EXERCISE PROMPT ->
Please copy the listing that follows exactly, leaving out any pictures.

DATA BELOW ->

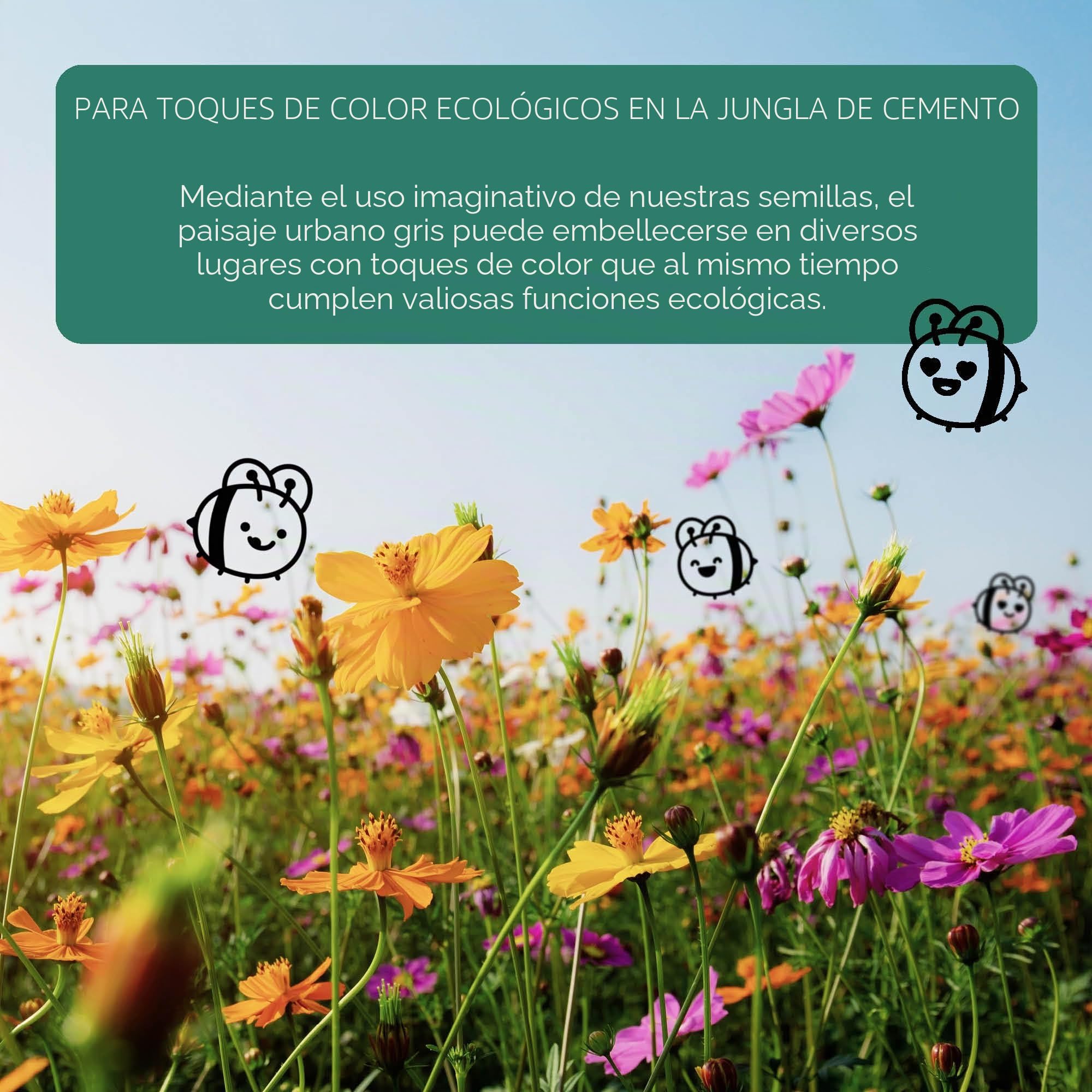 Tubos de ensayo con semillas de flores como regalo para bodas – Regalo especial de boda para invitados como regalo – Deja crecer nuestro amor, juego completo (juego de 100)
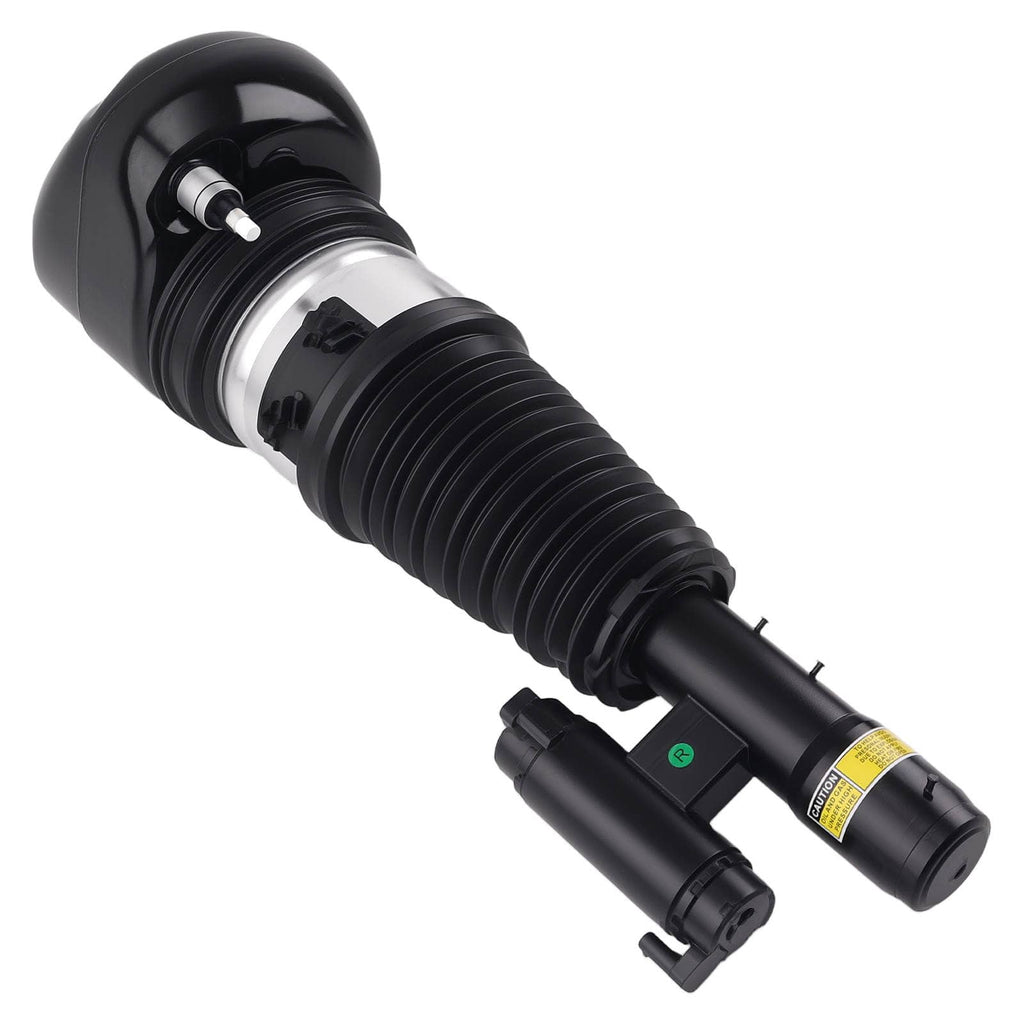 Links/rechts voor Luchtvering Schokdemper geschikt voor BMW G11 G12 7 Serie 37106877559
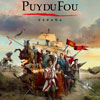 Portada_puy_du_fou_espana_logo-top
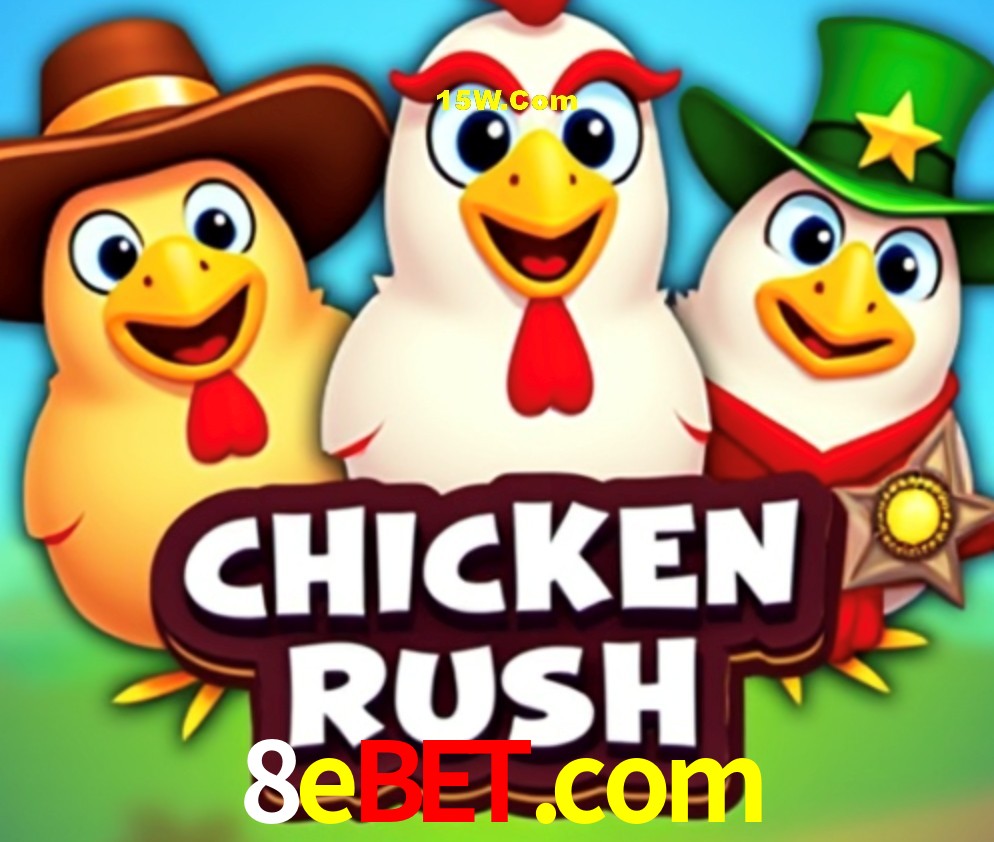Login Seguro 8ebet.com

SOLUTION BELOW ->
 Tubos de ensayo con semillas de flores como regalo para bodas – Regalo especial de boda para invitados como regalo – Deja crecer nuestro amor, juego completo (juego de 100)
 Links/rechts voor Luchtvering Schokdemper geschikt voor BMW G11 G12 7 Serie 37106877559
 Portada_puy_du_fou_espana_logo-top
Login Seguro 8ebet.com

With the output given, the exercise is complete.